PROJECT SUMMARY The presence of distinct lesions caused by the formation of filamentous deposits of abnormal brain proteins in neurons is a hallmark of Alzheimer’s Disease (AD). These filamentous deposits contain tau, a prominent intracellular protein that normally stabilizes microtubules. Fibrillar amyloid beta plaques arising from the aggregation of amyloid precursor protein (APP) is another hallmark of AD. Several studies have shown that both tau and APP are key facilitators of fast axonal transport in neurons. Importantly, axonal transport is implicated in several neuropsychiatric disorders. Though a causal role of axonal transport in AD is not known, several studies have reported axonal transport deficits both in tau and APP mutant models of AD. Based on our studies on the effect of manipulation of kinesins that RNAi mediated loss of function resulting in loss of memory whereas overexpression mediated gain of function resulting in enhanced memory, we here propose to assess the effect of overexpression of kinesins in APP-NL-G-F knockin mouse model of AD. Specifically we will study the effect of overexpression in ameliorating plaque formation, microgliosis, synaptic proteins and memory deficit. Based on our studies demonstrating memory enhancement with Kinesin overexpression, we anticipate to observe improvements in cytopathology and memory deficit in APP NL-G-F knockin mice.
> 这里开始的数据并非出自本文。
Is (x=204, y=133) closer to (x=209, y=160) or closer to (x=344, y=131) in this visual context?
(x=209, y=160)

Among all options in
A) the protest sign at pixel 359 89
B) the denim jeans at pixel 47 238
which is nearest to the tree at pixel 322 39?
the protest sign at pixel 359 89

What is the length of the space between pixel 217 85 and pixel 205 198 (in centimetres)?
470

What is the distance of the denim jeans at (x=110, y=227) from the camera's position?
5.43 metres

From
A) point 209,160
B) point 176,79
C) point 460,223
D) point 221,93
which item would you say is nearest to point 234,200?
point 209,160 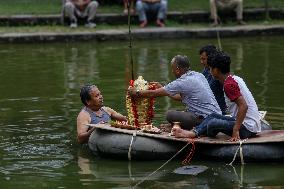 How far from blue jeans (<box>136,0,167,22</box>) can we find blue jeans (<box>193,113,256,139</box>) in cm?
1278

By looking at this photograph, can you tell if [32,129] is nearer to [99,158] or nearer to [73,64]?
[99,158]

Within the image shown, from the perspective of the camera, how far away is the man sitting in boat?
407 inches

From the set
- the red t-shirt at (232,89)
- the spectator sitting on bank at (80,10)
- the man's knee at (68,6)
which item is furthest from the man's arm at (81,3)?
the red t-shirt at (232,89)

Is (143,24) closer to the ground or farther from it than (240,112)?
closer to the ground

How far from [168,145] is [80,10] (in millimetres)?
13238

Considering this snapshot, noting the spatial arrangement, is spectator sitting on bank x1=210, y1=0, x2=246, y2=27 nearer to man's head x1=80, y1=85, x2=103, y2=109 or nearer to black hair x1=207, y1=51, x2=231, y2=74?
man's head x1=80, y1=85, x2=103, y2=109

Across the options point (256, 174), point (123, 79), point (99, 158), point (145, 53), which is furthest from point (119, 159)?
point (145, 53)

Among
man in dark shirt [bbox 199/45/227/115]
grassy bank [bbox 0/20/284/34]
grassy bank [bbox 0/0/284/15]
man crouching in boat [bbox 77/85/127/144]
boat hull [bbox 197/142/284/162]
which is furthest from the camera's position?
grassy bank [bbox 0/0/284/15]

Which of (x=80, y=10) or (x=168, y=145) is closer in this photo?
(x=168, y=145)

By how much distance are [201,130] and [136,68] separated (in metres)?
7.61

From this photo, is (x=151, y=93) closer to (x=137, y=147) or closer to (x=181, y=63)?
(x=181, y=63)

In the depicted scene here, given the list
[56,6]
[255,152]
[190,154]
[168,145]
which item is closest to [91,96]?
[168,145]

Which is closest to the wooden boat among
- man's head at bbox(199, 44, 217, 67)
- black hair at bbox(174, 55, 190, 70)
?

Positive outcomes from these studies are expected to impact our understanding of pathobiology of AD and discovery of new therapeutic targets.

项目摘要 由于形成异常脑蛋白的丝状沉积物引起的不同病变的存在 神经元是阿尔茨海默氏病（AD）的标志。这些丝状沉积物包含tau，一个突出的 通常稳定微管的细胞内蛋白。原纤维淀粉样β斑块是由 淀粉样蛋白前体蛋白（APP）的聚集是AD的另一个标志。几项研究表明，两者都 TAU和APP是神经元快速轴突运输的关键促进因子。重要的是，轴突运输是在 几种神经精神疾病。尽管轴突运输在AD中的因果作用尚不清楚，但几项研究 已经报道了轴突运输在AD的TAU和APP突变模型中都定义了。根据我们对 RNAi介导的功能丧失导致记忆力丧失的操纵的驱动蛋白的作用 过表达介导的功能增益，导致记忆增强，我们在这里提出评估效果的建议 App-nl-g-f敲击蛋白小鼠模型中驱动蛋白的过表达。具体而言，我们将研究效果 改善斑块形成，小胶质细胞增多，突触蛋白和记忆防御的过表达。基于 在我们的研究中证明了通过驱动蛋白过表达增强记忆力的研究，我们预计会观察到 APP NL-G-F敲门蛋白小鼠的细胞病理学和记忆缺陷的改善。这些积极的结果 期望研究会影响我们对AD病理生物学的理解和新疗法的发现 目标。